Retour sur la manif de Carhaix
Les responsables de Kevre Breizh l'ont reconnu eux-mêmes : le contexte pour organiser en ce moment une manifestation est "difficile". Soit. Rassembler "près de 2 000 personnes" – dixit Ouest-France – à Carhaix samedi après-midi n'est pas anecdotique : où voit-on, ailleurs qu'en Bretagne et dans d'autres régions de France de pareils rassemblements périodiques pour revendiquer "un statut pour nos langues" ?
Ce n'était quand même pas "la foule" qu'annonçait le même journal, quelque peu cajoleur, en première page.
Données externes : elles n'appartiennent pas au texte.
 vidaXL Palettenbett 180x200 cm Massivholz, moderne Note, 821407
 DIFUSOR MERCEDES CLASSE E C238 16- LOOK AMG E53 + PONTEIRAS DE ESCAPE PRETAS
Rien à voir avec la précédente manifestation, qui avait eu lieu le 31 mars 2012 dans les rues de Quimper. Ni du point de vue de l'affluence : il y a un peu plus de trois ans, ce sont de 8 000 à 12 000 personnes qui s'étaient retrouvées au chef-lieu du département. Ni du point de vue de l'ambiance : à l'époque, j'avais parlé de Breton pride. Rien de tout ça, cette année : la manif était sympathique, mais pas de bagad, juste quelques sonneurs, pas vraiment de slogans, pas de manif dans la manif… Et des revendications quelque peu hétéroclites, avec bien plus de banderoles réclamant la réunification de la Bretagne que la reconnaissance du breton et des autres langues de France. Énormément de gwenn-ha-du, comme d'habitude, quelques bonnets rouges et divers autres drapeaux, comme ceux du NPA que je ne me souviens pas d'avoir vu dans de semblables manifs jusqu'à présent.
Quel peut être l'impact de la manifestation ? On le saura dès demain, à l'occasion du vote qui doit intervenir au Sénat concernant l'éventuelle ratification de la Charte européenne des langues régionales ou minoritaires.
Nous savons plus ou moins que de semblables rassemblements ont eu lieu ailleurs : Le Télégramme comme Ouest-France l'ont signalé en quelques lignes. Mais il faut fouiller dans les entrailles d'internet pour savoir que de 4 000 à 10 000 personnes (selon les sources) ont manifesté à Montpellier, plus de 3 000 à Bayonne, quelques centaines à Ajaccio et à Strasbourg… Les partisans du provençal devaient également se retrouver en Arles. Perpignan doit manifester samedi prochain.
Le problème est que, contrairement à 2012, ces manifestations ne me semblent pas avoir eu beaucoup d'écho sur le plan national. C'est bien de coaguler régionalement divers candidats aux prochaines élections régionales autour de tels événements. Mais qu'en ont entendu dire les Parisiens, les Lyonnais, les Marseillais, voire les Nantais ? Il est bien difficile, dès lors, d'en faire un enjeu du débat national. Les organisateurs argueront qu'ils ne disposent pas de beaucoup de moyens pour l'impulser. S'ils veulent être plus efficients, il est urgent qu'ils intègrent cette donnée à leur réflexion.